Ana Rocha sentia o coração disparar, tomada por uma ansiedade inquietante.
Ela hesitava entre se recusar firmemente, esperando pela volta de Samuel Palmeira... ou simplesmente ceder e fazer o exame?
O patriarca tinha chegado acompanhado de várias pessoas; se ela insistisse em não colaborar, a situação certamente ficaria insustentável.
— Pare de pensar nessas soluções mirabolantes — disse Helena Batista, sorrindo com triunfo. — Hoje você não vai conseguir adiar mais nada.
A convicção de Helena era inabalável; ela tinha certeza de que Ana Rocha não estava grávida.
— Você acha mesmo que, se Samuel se divorciar de mim, ele vai se casar com você? Que ingenuidade... — Ana Rocha ignorou Helena, olhando em volta para os seguranças, resignando-se enquanto caminhava em direção ao hospital.
O patriarca estava irredutível: aquela noite, ele descobriria se ela estava grávida ou não.
Com o celular na mão, Ana Rocha pensou em ligar para Samuel Palmeira.
No exato momento, Samuel Palmeira ligou para ela.

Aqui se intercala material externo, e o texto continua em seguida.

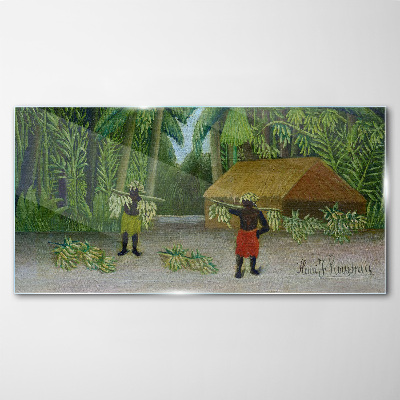 Bild aus glas Bananenernte in einer tropischen Landschaft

Ana Rocha suspirou de alívio e apressou-se em atender, mas Helena Batista arrancou o aparelho de suas mãos.
Sem pensar, Helena atendeu a ligação.
— Samuel, sou eu, Helena. Estou aqui no hospital com a Ana Rocha. O vovô nos trouxe. Essa história de gravidez é uma farsa, logo teremos a confirmação disso.
Ana Rocha soltou um suspiro de exasperação. Helena Batista realmente não tinha noção.

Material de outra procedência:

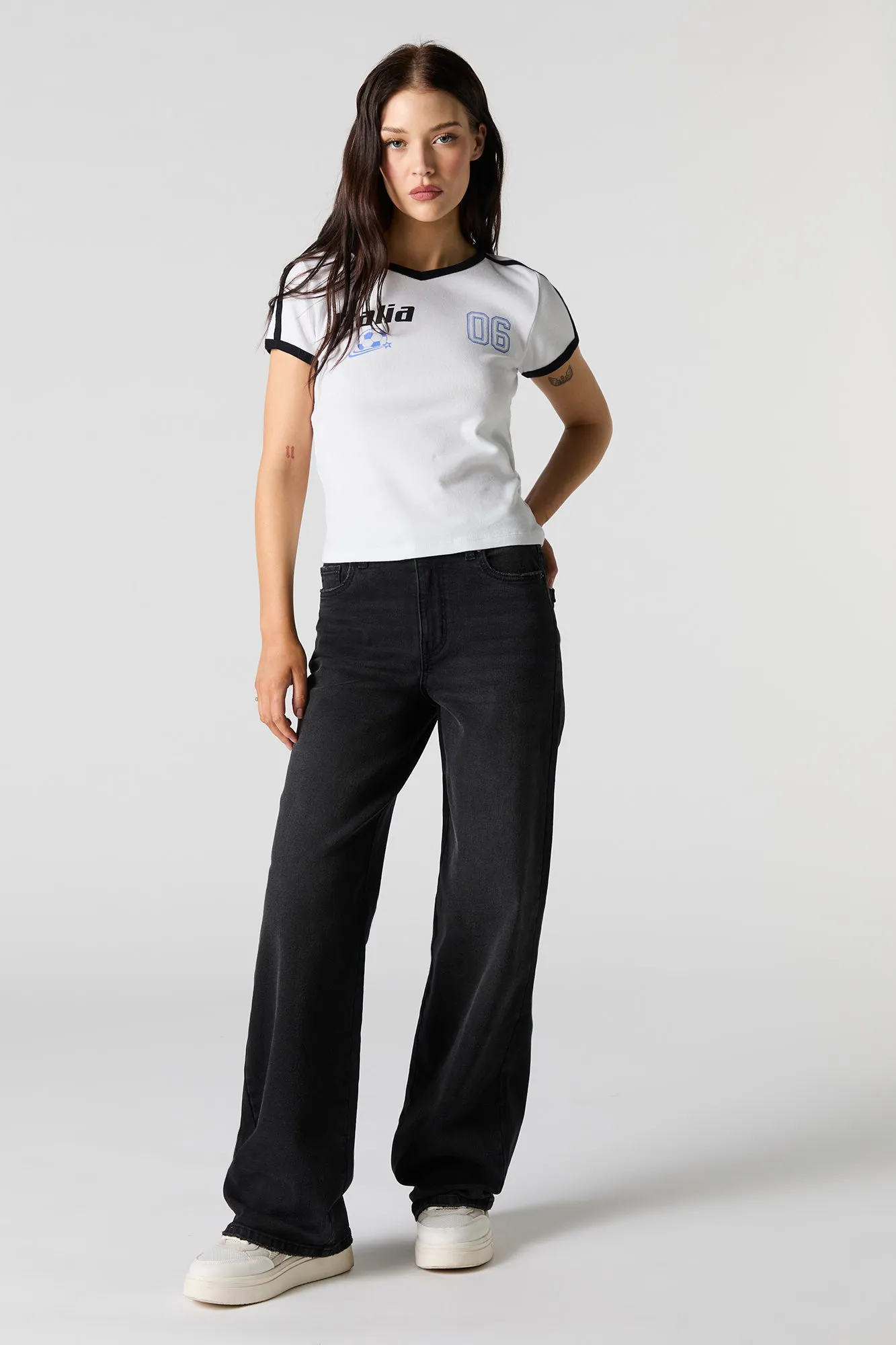 Black Wash Wide Leg Stretch Jean sold by Charlotte Russe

— Passe o telefone para a Ana Rocha. Não me faça repetir — a voz de Samuel Palmeira saiu fria e baixa.
Helena sentiu um calafrio de medo e, irritada, jogou o celular de volta para Ana Rocha.
— Samuel Palmeira... — Ana falou baixo, a voz trêmula.

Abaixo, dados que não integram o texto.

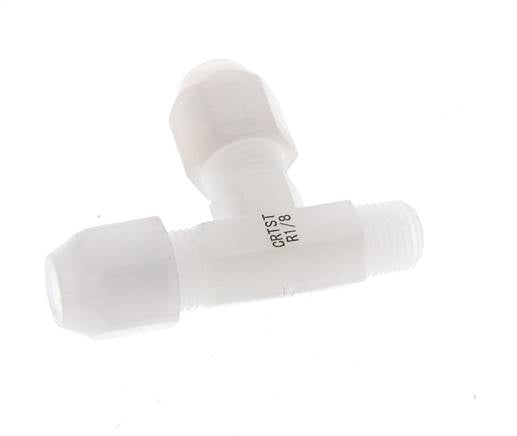4x6mm & R1/8'' PVDF Right Angle Tee Hose Fitting with Male Threads 10bar/145psi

Ela não estava com medo, mas sim preocupada.
Preocupada que, quando a verdade viesse à tona, ela teria que se afastar de Samuel Palmeira.
— Não se preocupe. Você consegue fingir um desmaio agora? — Samuel Palmeira deu uma risadinha, tranquilizando-a. — Já mandei meus homens para aí. Eles não vão deixar o vovô te levar.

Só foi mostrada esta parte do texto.